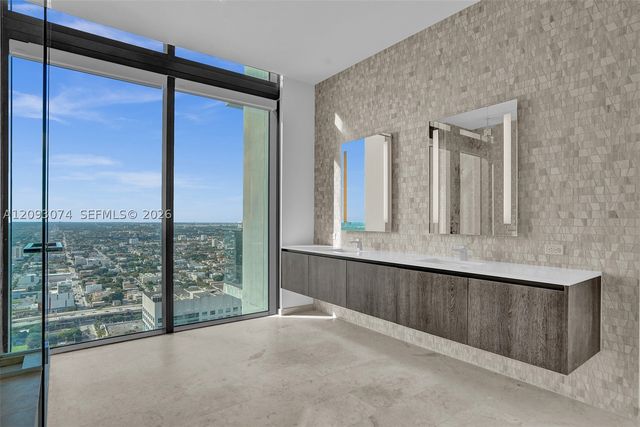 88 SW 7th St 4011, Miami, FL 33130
---
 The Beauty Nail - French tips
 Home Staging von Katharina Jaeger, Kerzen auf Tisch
...
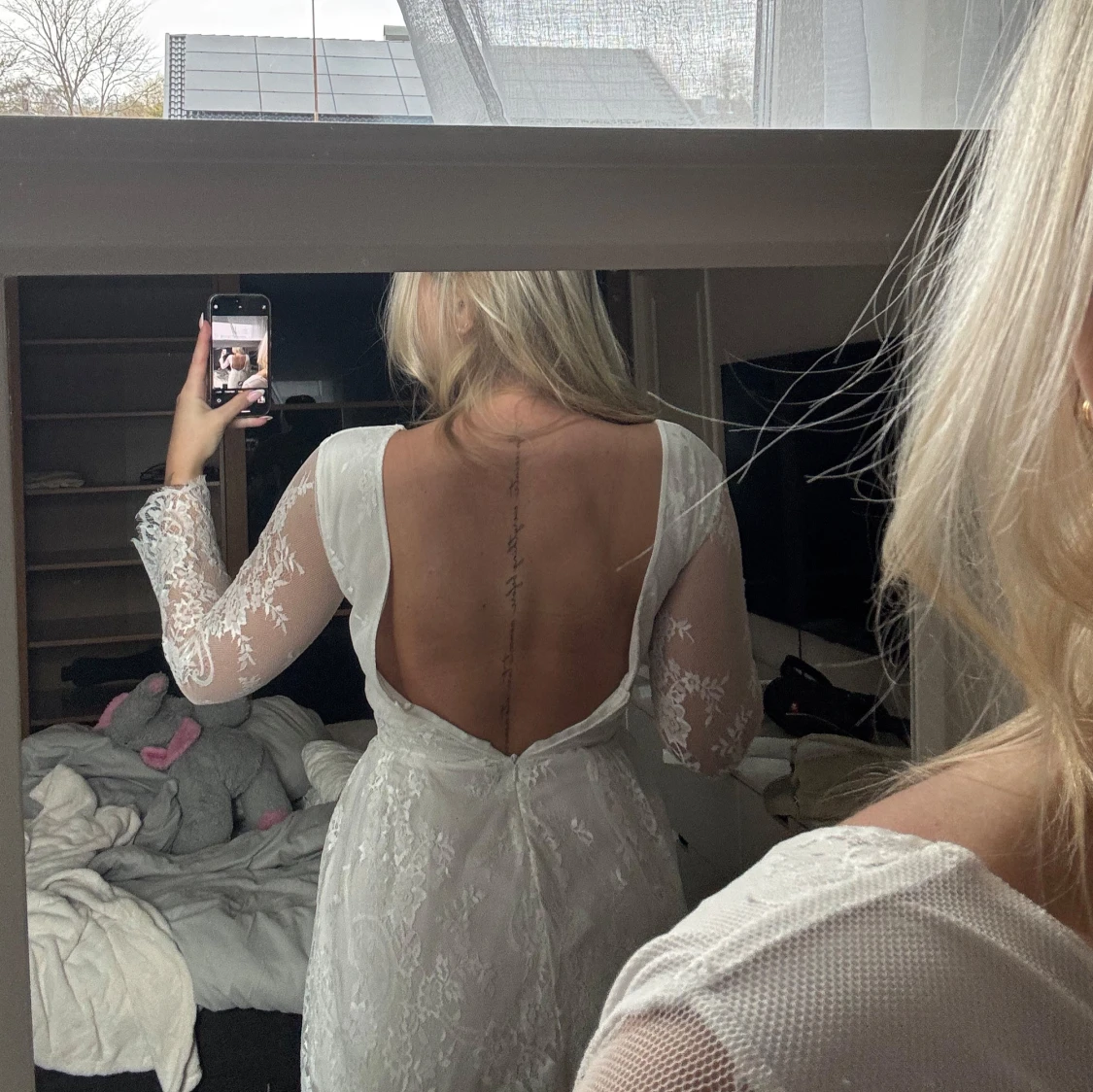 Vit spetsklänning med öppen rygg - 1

What the task requires
Of all the entries above, repeat only the lines from the line that has "The Beauty Nail - French tips" to the line that has "Home Staging von", both lines included, exactly.

Your solution
 The Beauty Nail - French tips
 Home Staging von Katharina Jaeger, Kerzen auf Tisch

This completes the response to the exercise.